Content starts

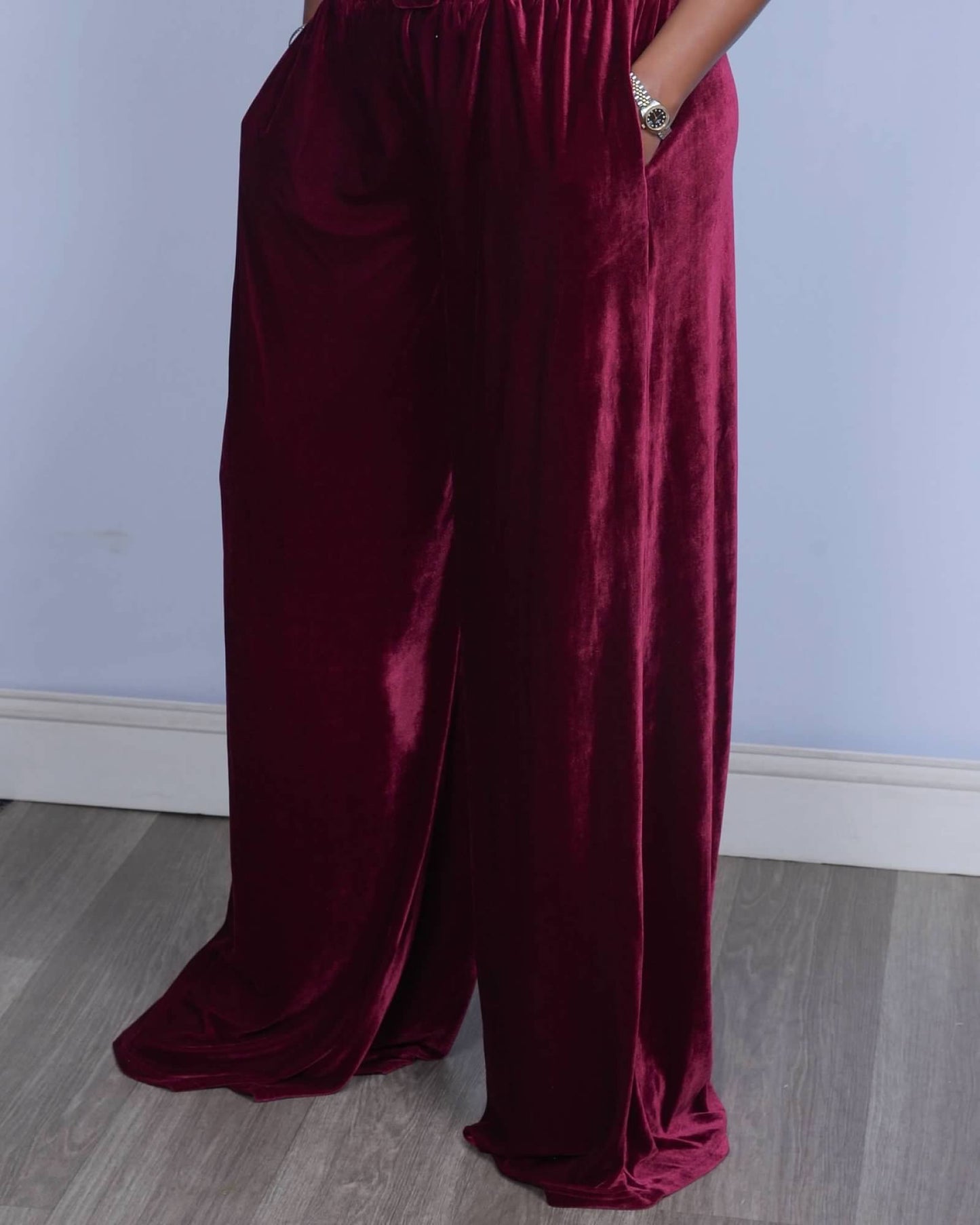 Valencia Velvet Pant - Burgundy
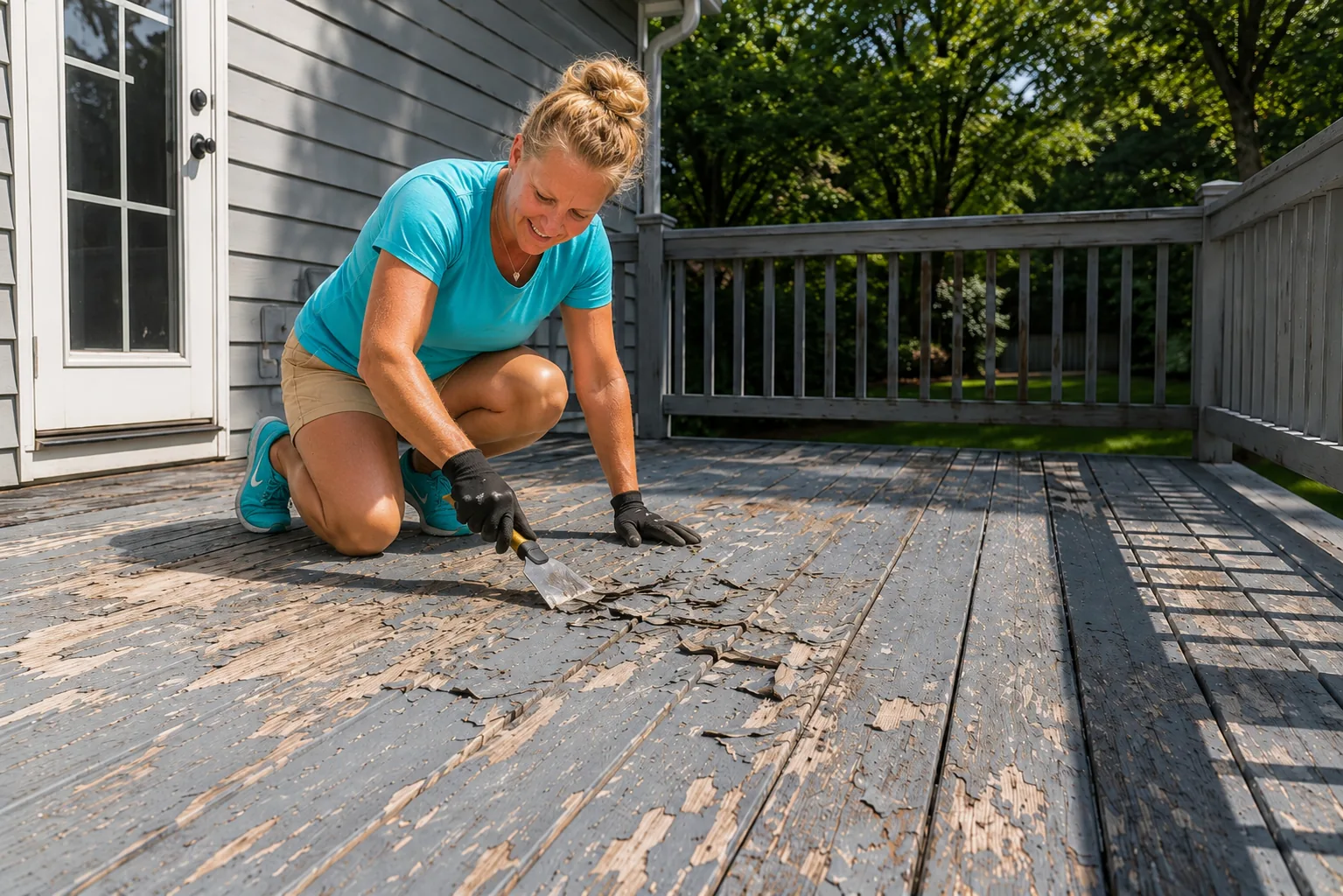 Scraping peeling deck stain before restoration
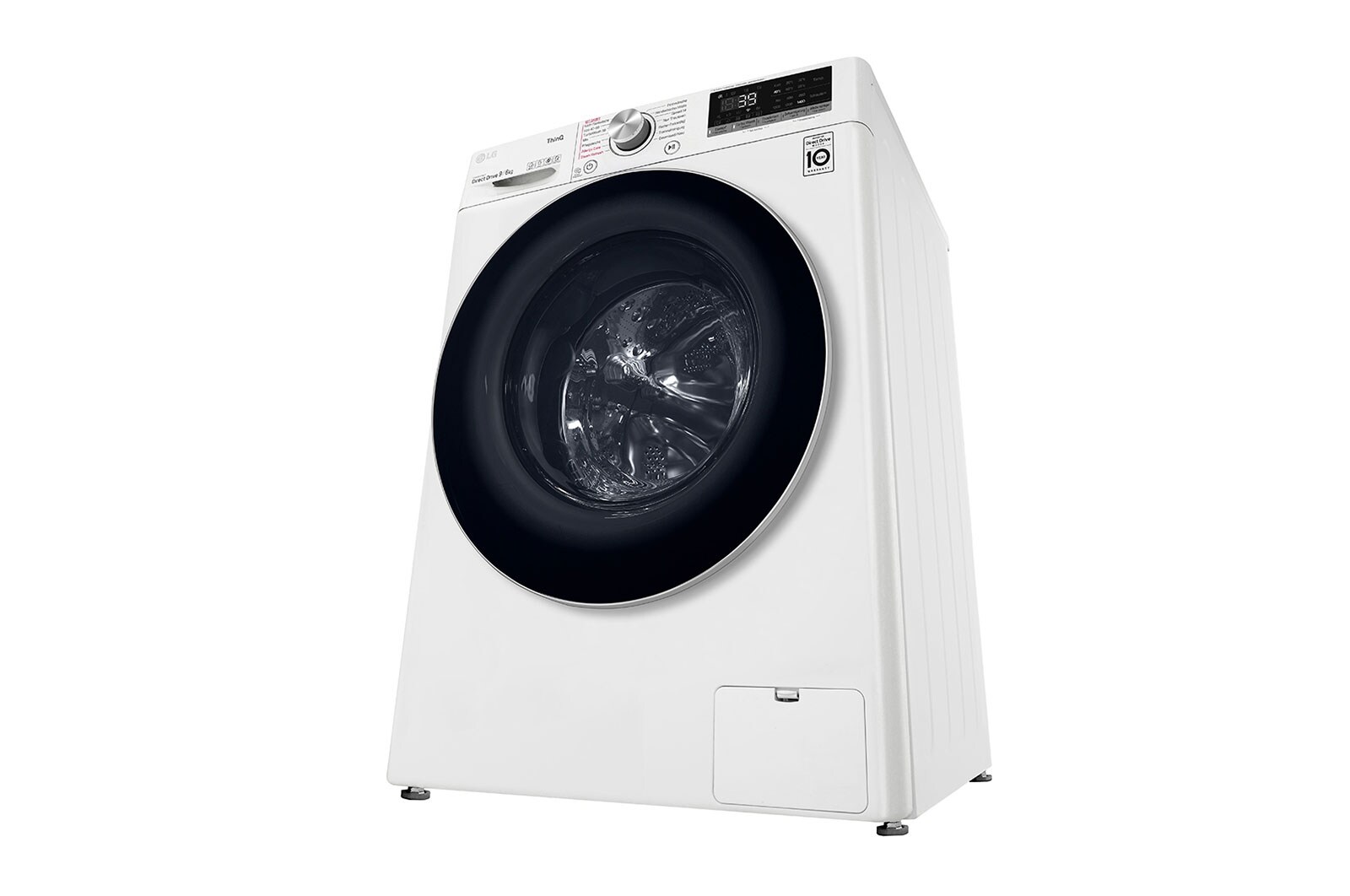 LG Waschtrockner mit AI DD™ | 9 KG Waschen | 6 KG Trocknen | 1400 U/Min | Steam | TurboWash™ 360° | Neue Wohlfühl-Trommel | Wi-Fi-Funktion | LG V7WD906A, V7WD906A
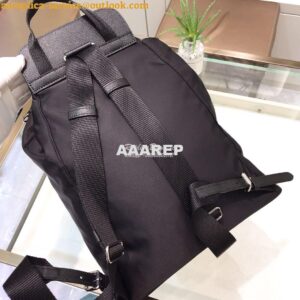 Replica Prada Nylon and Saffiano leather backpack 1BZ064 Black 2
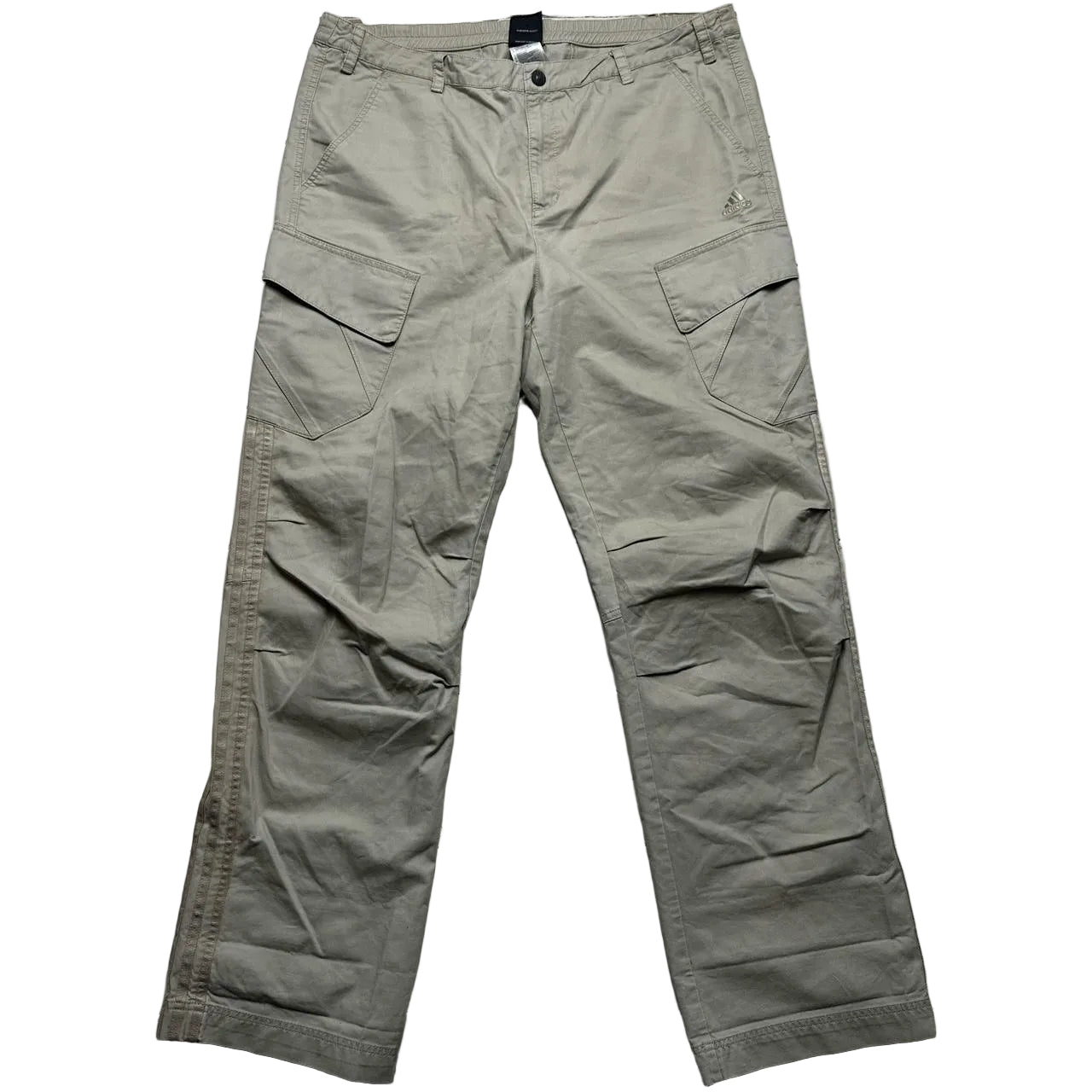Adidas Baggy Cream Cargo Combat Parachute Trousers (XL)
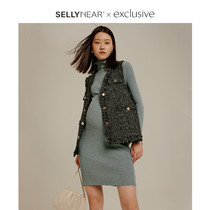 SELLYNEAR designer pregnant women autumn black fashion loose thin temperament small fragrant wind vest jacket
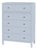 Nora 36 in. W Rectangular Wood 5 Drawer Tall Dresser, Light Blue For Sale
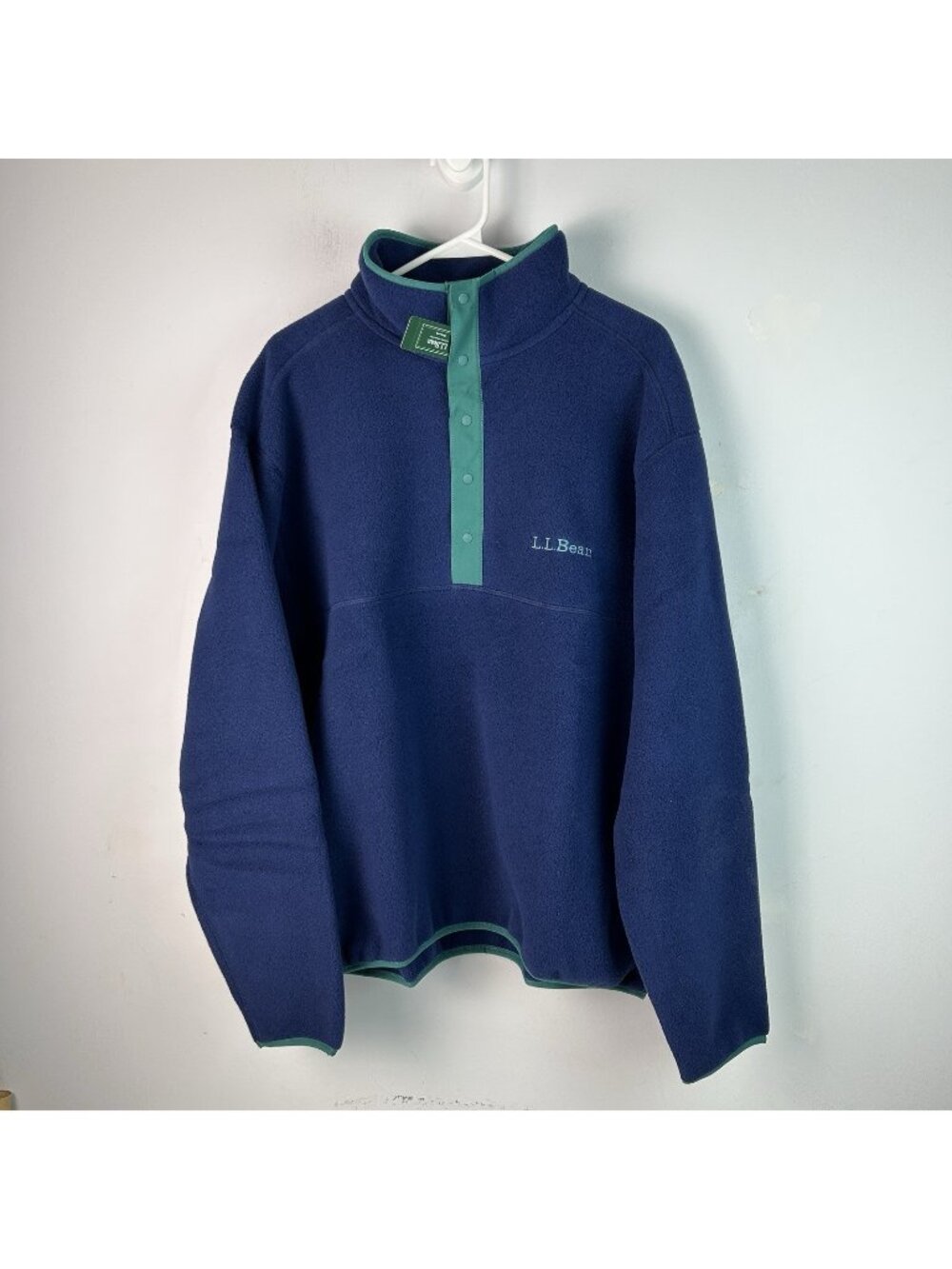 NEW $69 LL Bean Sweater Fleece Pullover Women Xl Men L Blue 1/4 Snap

Content ends

Please return, exactly and with pictures omitted, the lines from the line holding "Scraping peeling deck" through the end of the data above, inclusive.

● ANSWER TO THIS EXERCISE:
 Scraping peeling deck stain before restoration
 LG Waschtrockner mit AI DD™ | 9 KG Waschen | 6 KG Trocknen | 1400 U/Min | Steam | TurboWash™ 360° | Neue Wohlfühl-Trommel | Wi-Fi-Funktion | LG V7WD906A, V7WD906A
 Replica Prada Nylon and Saffiano leather backpack 1BZ064 Black 2
Adidas Baggy Cream Cargo Combat Parachute Trousers (XL)
 SELLYNEAR designer pregnant women autumn black fashion loose thin temperament small fragrant wind vest jacket
 Nora 36 in. W Rectangular Wood 5 Drawer Tall Dresser, Light Blue For Sale
 NEW $69 LL Bean Sweater Fleece Pullover Women Xl Men L Blue 1/4 Snap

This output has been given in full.